Alkaline pre-treatment/hydrolysis options for lignocellulosic feedstocks have been successfully used at the Audubon Sugar Institute to reliably convert and ferment the cellulose in bagasse at a 30 percent solids loading with an 85-90 percent conversion rate to ethanol. This process has been extended from bagasse to sweet sorghum and energy cane.
Ethanol as a fuel has a distribution problem because its corrosiveness prevents it from being shipped in pipelines. Butanol, which also can be produced by fermentation of sugars, has higher fuel value and is noncorrosive.
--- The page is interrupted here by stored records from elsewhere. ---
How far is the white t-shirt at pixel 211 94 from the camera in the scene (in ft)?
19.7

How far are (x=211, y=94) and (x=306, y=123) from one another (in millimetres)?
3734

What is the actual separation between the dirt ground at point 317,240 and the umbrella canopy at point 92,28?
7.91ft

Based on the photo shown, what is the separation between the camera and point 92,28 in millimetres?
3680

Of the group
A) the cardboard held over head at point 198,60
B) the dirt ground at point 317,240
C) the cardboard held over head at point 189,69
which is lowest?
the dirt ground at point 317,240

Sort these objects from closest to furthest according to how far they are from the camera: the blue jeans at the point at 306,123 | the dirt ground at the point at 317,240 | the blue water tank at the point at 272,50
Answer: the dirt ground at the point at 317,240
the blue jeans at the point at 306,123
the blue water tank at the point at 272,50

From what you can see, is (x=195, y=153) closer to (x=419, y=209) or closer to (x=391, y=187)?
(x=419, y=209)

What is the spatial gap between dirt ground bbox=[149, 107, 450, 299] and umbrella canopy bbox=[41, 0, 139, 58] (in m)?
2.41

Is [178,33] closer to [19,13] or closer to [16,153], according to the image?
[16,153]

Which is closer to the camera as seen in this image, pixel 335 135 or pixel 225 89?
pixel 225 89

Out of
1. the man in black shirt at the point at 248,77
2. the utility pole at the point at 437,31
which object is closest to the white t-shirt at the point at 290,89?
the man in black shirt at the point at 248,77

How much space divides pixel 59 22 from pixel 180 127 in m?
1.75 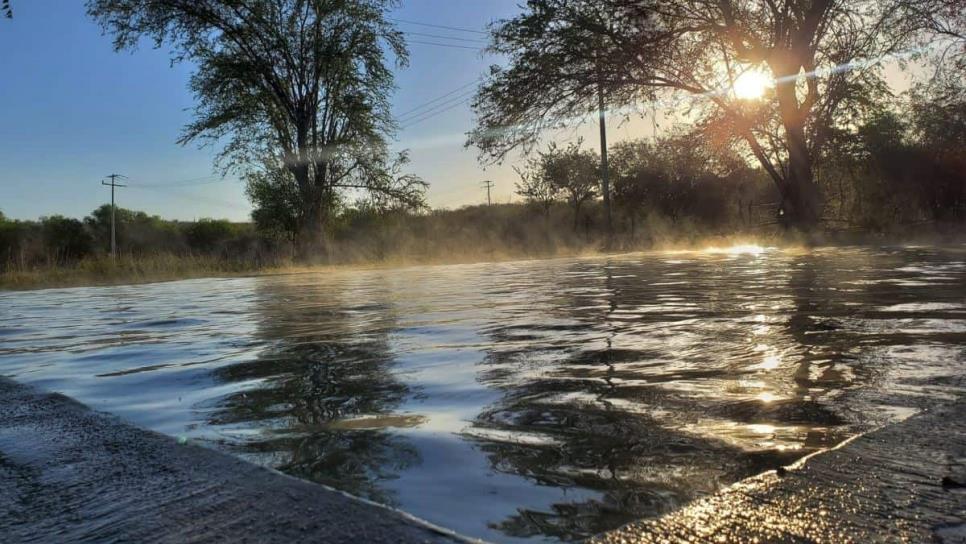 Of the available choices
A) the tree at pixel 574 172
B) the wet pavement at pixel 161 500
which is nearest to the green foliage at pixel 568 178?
the tree at pixel 574 172

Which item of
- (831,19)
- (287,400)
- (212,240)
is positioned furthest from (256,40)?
(212,240)

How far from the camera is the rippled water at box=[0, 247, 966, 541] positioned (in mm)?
1792

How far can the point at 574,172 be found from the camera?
41406 millimetres

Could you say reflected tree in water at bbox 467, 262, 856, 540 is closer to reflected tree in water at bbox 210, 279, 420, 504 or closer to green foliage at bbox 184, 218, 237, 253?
reflected tree in water at bbox 210, 279, 420, 504

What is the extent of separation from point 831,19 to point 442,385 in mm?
16958

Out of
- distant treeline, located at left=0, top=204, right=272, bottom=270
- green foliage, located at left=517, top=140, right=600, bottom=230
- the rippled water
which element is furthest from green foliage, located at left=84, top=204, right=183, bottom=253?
the rippled water

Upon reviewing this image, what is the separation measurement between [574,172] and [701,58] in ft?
77.7

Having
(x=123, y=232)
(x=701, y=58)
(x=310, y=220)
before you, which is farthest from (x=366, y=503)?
(x=123, y=232)

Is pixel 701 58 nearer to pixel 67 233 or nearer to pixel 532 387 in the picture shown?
pixel 532 387

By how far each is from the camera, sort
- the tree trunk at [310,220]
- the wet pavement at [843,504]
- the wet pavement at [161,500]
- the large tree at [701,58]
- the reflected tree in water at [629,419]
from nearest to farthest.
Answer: the wet pavement at [843,504], the wet pavement at [161,500], the reflected tree in water at [629,419], the large tree at [701,58], the tree trunk at [310,220]

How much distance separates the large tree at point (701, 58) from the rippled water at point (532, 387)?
33.0 feet

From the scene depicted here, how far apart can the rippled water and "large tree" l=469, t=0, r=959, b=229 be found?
10.0 meters

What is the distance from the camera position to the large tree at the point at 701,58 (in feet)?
50.4

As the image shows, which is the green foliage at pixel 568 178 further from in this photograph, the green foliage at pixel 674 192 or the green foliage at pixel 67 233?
the green foliage at pixel 67 233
Audubon is looking to improve traditional butanol fermentation technology by increasing yields and productivity using traditional, sugar-containing feedstocks.
Biofuel production will not solve all our fuel problems, but in Louisiana, it is possible to produce sufficient biofuels to replace much of the gasoline used in this state. First-generation production facilities are being designed and built. Biofuels are in our future as a supplement to, but not a replacement for, fossil fuels.
Donal F. Day, Professor, Audubon Sugar Institute, LSU AgCenter, St. Gabriel, La.
(This article was published in the fall 2009 issue of Louisiana Agriculture.)